Collected material: Begin
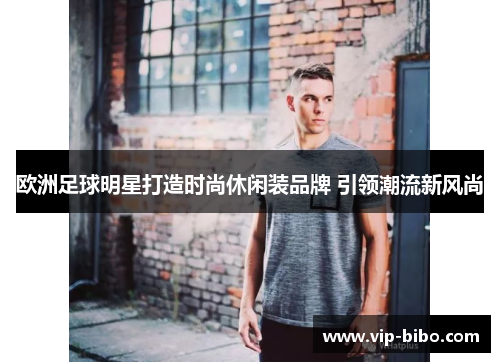 欧洲足球明星打造时尚休闲装品牌 引领潮流新风尚 欧洲足球明星打造时尚休闲装品牌 引领潮流新风尚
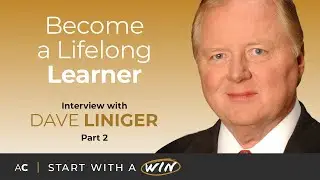 Become a Lifelong Learner with Dave Liniger - Part 2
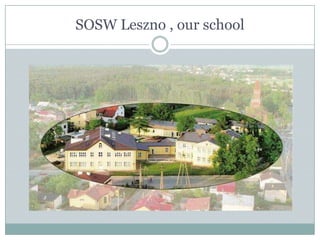 SOSW Leszno , our school
 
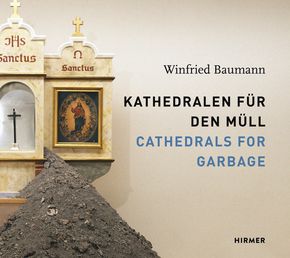 Kathedralen für den Müll. Cathedrals for Garbage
Collected material: End
§ **Work to be completed**
Give back the full listing word for word, with the pictures left out.

§ **Answer area**
 欧洲足球明星打造时尚休闲装品牌 引领潮流新风尚 欧洲足球明星打造时尚休闲装品牌 引领潮流新风尚
 Become a Lifelong Learner with Dave Liniger - Part 2
 SOSW Leszno , our school
 
 Kathedralen für den Müll. Cathedrals for Garbage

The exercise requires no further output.